Osseointegration and biocompatibility of different metal implants - a comparative experimental investigation in sheep

Authors: Michael Plecko, Christine Sievert, Daniel Andermatt, Robert Frigg, Peter Kronen, Karina Klein, Stefan Stübinger, Katja Nuss, Alexander Bürki, Stephen Ferguson, Ulrich Stoeckle, Brigitte von Rechenberg

Published in: BMC Musculoskeletal Disorders | Issue 1/2012

Abstract

Background

In the present study, 4 different metallic implant materials, either partly coated or polished, were tested for their osseointegration and biocompatibility in a pelvic implantation model in sheep.

Methods

Materials to be evaluated were: Cobalt-Chrome (CC), Cobalt-Chrome/Titanium coating (CCTC), Cobalt-Chrome/Zirconium/Titanium coating (CCZTC), Pure Titanium Standard (PTST), Steel, TAN Standard (TANST) and TAN new finish (TANNEW).
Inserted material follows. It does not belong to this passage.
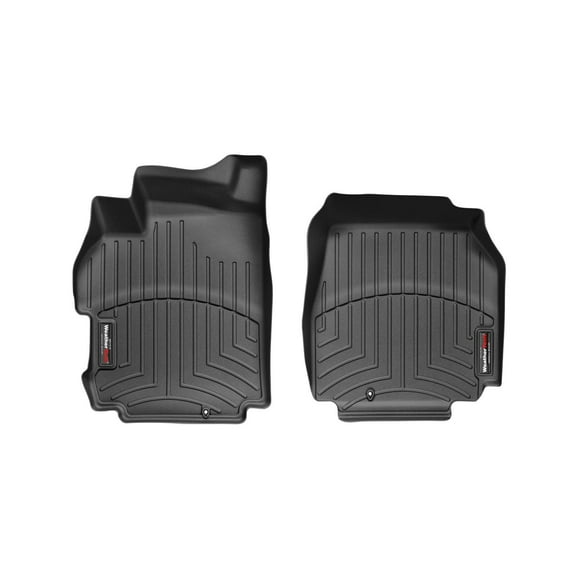 WeatherTech Custom Fit FloorLiners compatible with 2007-2012 Nissan Sentra - 1st Row (Driver & Passenger), Black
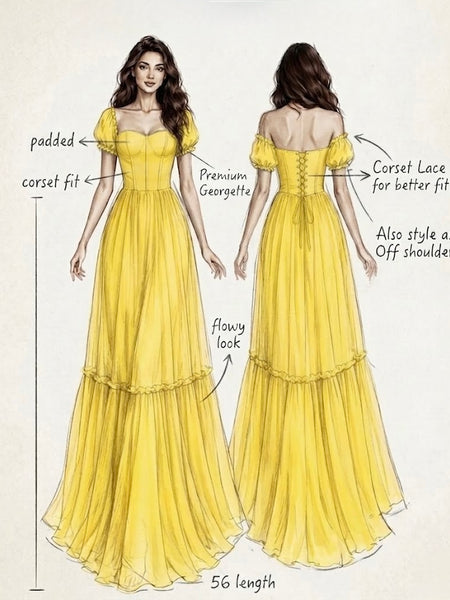 Yellow corset dress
Surgery was performed on 7 sheep, with 18 implants per sheep, for a total of 63 implants. After 8 weeks, the specimens were harvested and evaluated macroscopically, radiologically, biomechanically (removal torque), histomorphometrically and histologically.

Results

Cobalt-Chrome screws showed significantly (p = 0.031) lower removal torque values than pure titanium screws and also a tendency towards lower values compared to the other materials, except for steel. Steel screws showed no significant differences, in comparison to cobalt-chrome and TANST, however also a trend towards lower torque values than the remaining materials. The results of the fluorescence sections agreed with those of the biomechanical test. Histomorphometrically, there were no significant differences of bone area between the groups. The BIC (bone-to-implant-contact), used for the assessment of the osseointegration, was significantly lower for cobalt-chrome, compared to steel (p = 0.001). Steel again showed a lower ratio (p = 0.0001) compared to the other materials.

Conclusion

This study demonstrated that cobalt-chrome and steel show less osseointegration than the other metals and metal-alloys. However, osseointegration of cobalt-chrome was improved by zirconium and/or titanium based coatings (CCTC, TANST, TAN, TANNEW) being similar as pure titanium in their osseointegrative behavior.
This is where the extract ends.